Problem details
Would you print the lines below exactly, beginning at the line that has "A collection of" and stopping after the line that has "Young person wearing"? Only those lines, and no pictures.

Task input
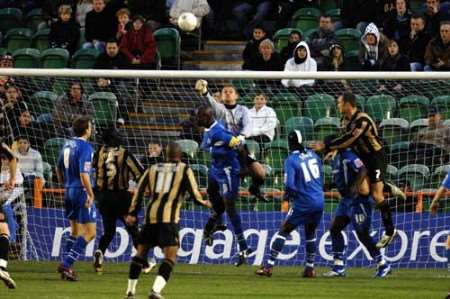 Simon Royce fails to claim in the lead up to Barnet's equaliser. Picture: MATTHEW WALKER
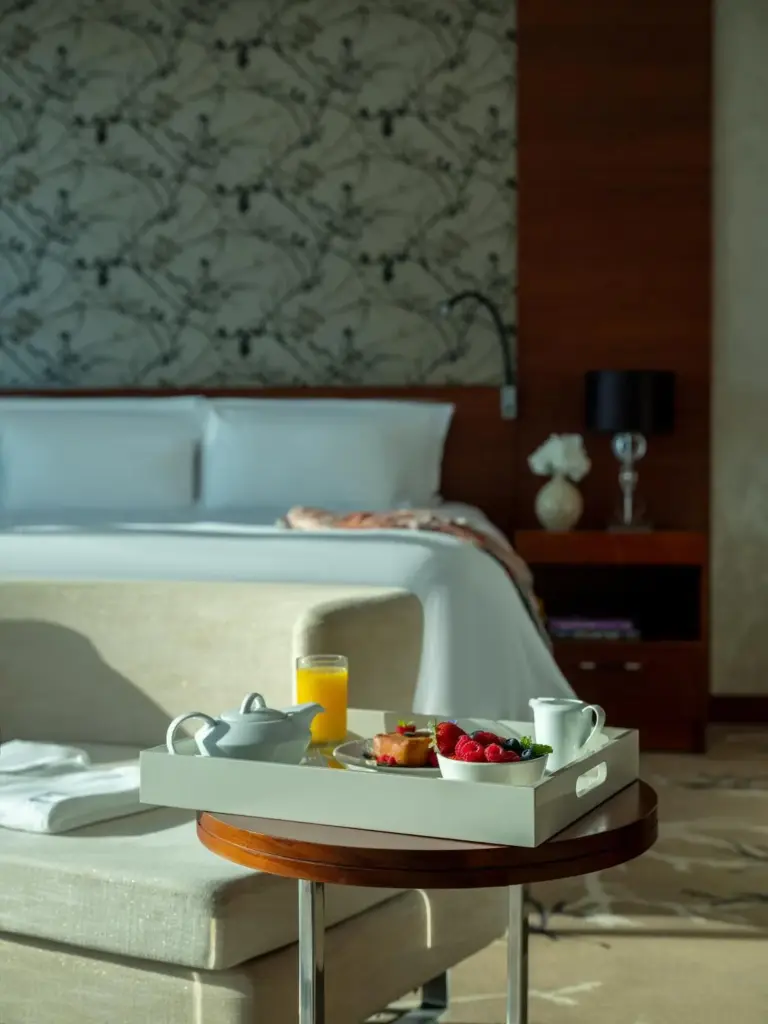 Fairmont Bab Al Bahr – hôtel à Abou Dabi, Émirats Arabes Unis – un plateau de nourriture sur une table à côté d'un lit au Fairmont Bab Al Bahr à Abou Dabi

--

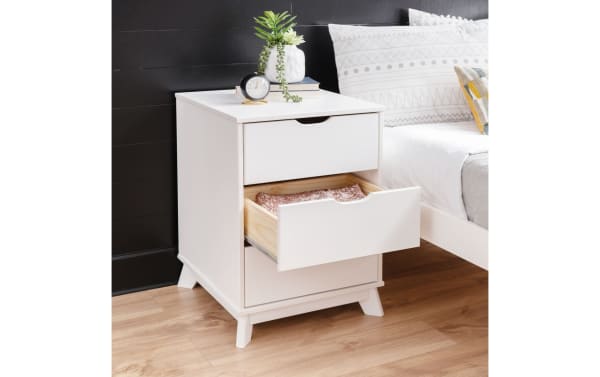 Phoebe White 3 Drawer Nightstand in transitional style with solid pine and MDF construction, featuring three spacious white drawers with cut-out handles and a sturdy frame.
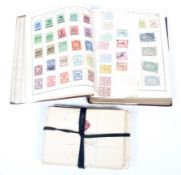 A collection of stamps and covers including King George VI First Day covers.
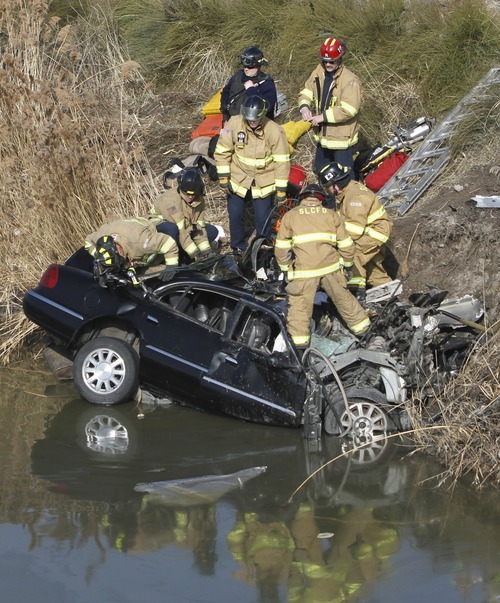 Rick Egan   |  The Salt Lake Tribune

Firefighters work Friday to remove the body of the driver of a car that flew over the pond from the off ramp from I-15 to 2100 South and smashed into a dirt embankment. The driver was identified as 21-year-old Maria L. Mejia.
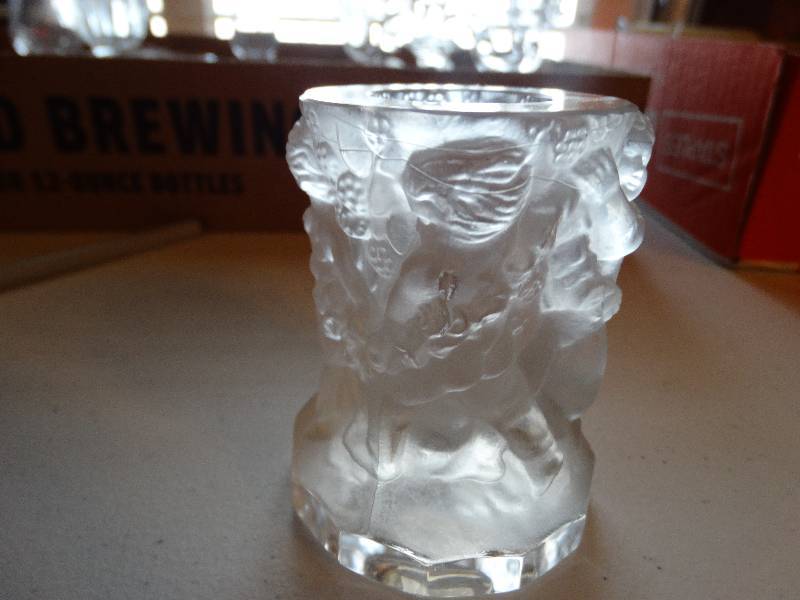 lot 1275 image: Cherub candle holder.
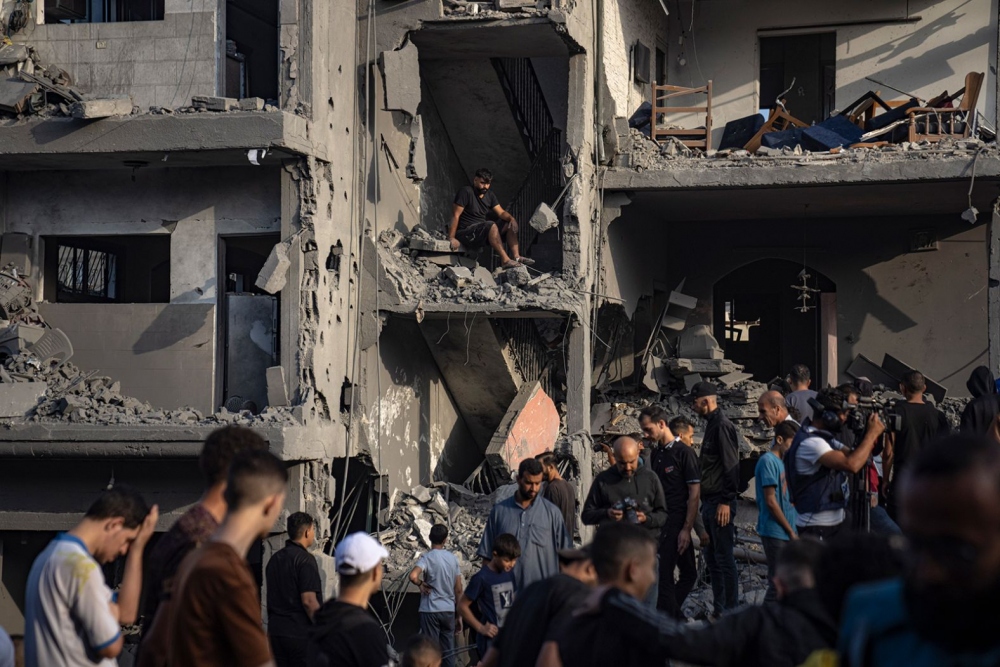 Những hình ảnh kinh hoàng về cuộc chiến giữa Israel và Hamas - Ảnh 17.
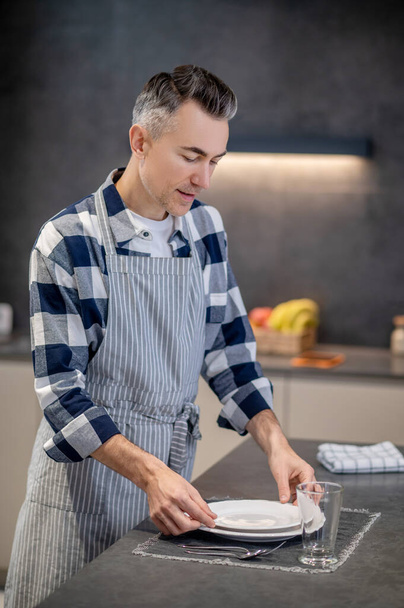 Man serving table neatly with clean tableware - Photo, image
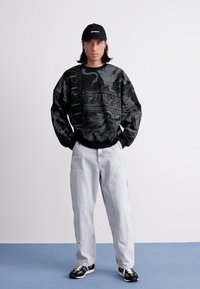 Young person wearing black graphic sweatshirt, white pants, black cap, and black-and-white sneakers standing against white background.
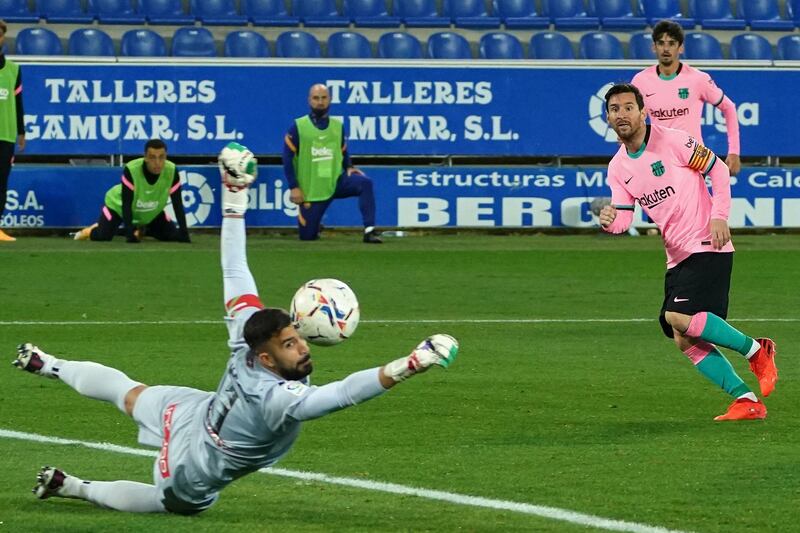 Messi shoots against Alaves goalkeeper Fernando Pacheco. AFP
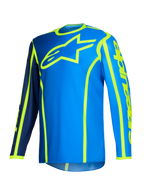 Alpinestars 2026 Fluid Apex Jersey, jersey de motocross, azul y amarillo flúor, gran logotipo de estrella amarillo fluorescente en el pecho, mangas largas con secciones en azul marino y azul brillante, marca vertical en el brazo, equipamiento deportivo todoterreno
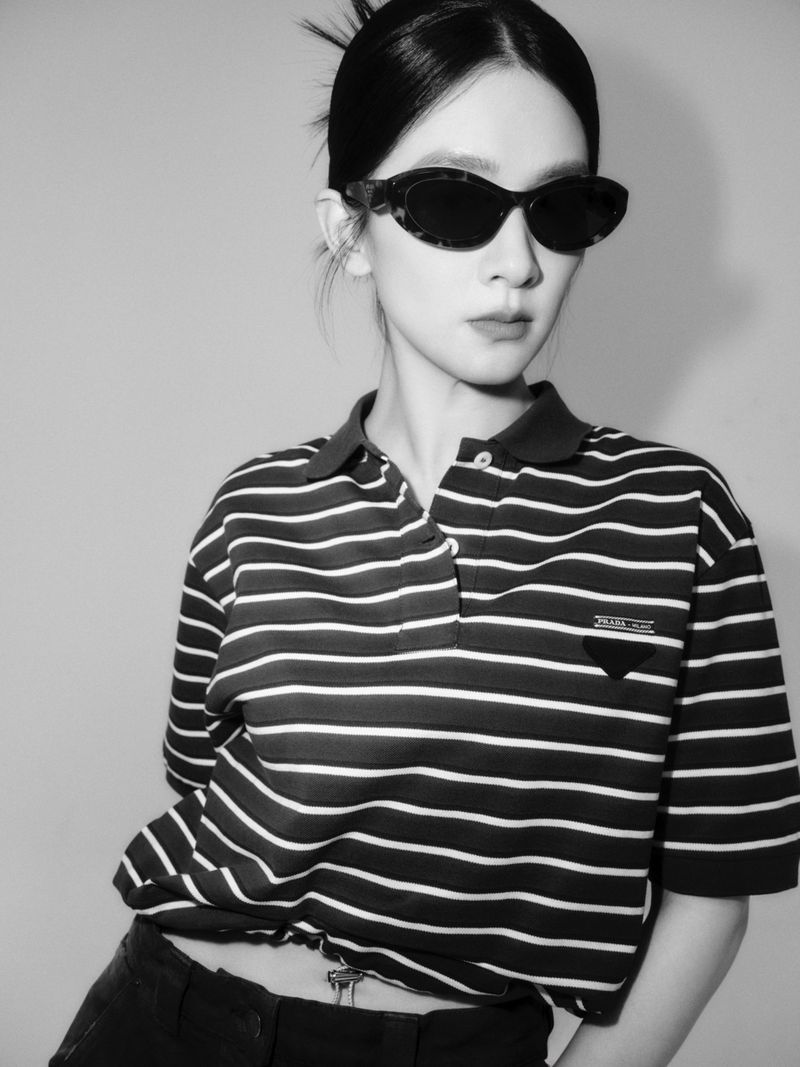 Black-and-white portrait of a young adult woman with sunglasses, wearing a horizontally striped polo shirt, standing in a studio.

---

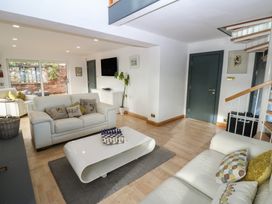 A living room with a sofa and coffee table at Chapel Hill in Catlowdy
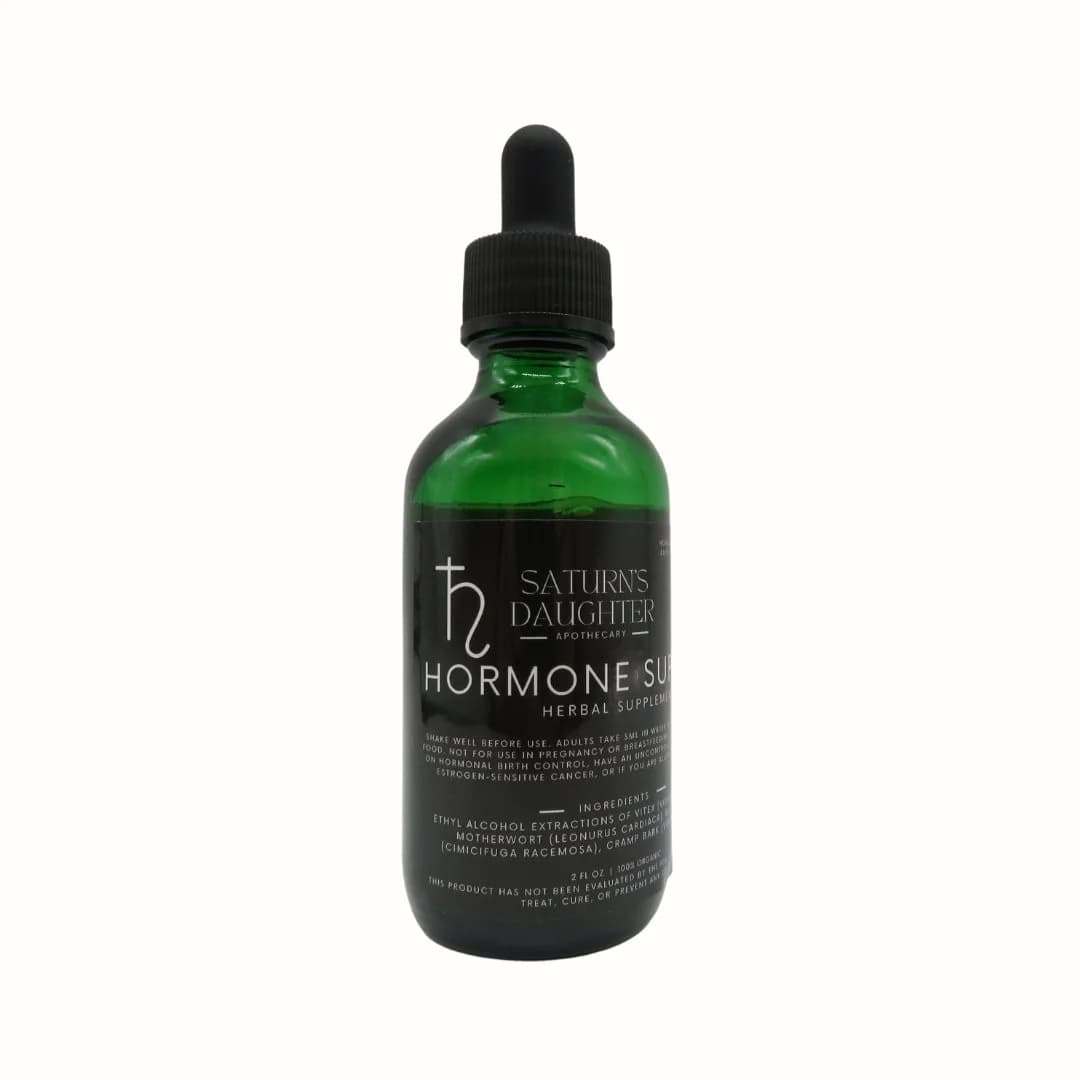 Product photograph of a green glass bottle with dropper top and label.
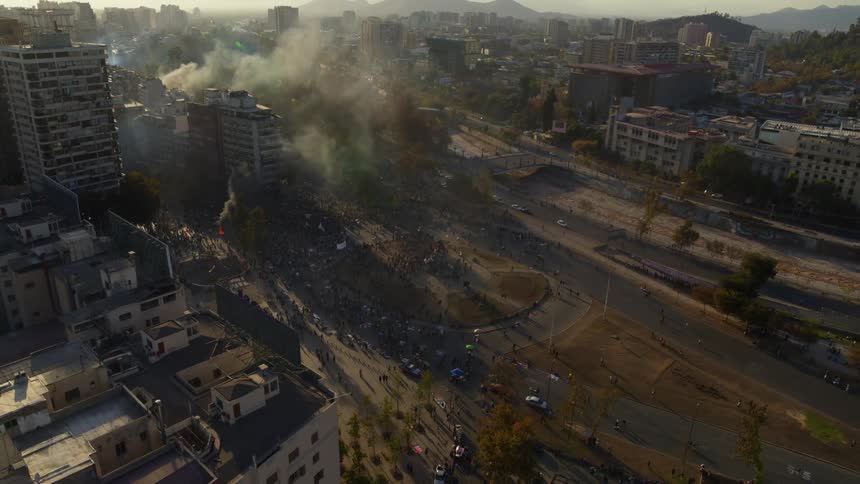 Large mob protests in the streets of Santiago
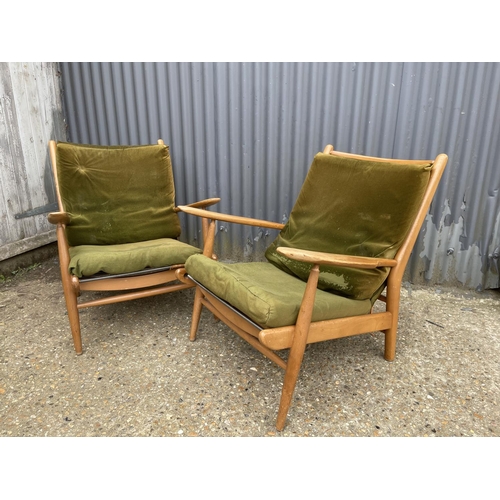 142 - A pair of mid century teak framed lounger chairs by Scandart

Completed exercise
 A collection of stamps and covers including King George VI First Day covers.
 Rick Egan   |  The Salt Lake Tribune

Firefighters work Friday to remove the body of the driver of a car that flew over the pond from the off ramp from I-15 to 2100 South and smashed into a dirt embankment. The driver was identified as 21-year-old Maria L. Mejia.
 lot 1275 image: Cherub candle holder.
 Những hình ảnh kinh hoàng về cuộc chiến giữa Israel và Hamas - Ảnh 17.
 Man serving table neatly with clean tableware - Photo, image
 Young person wearing black graphic sweatshirt, white pants, black cap, and black-and-white sneakers standing against white background.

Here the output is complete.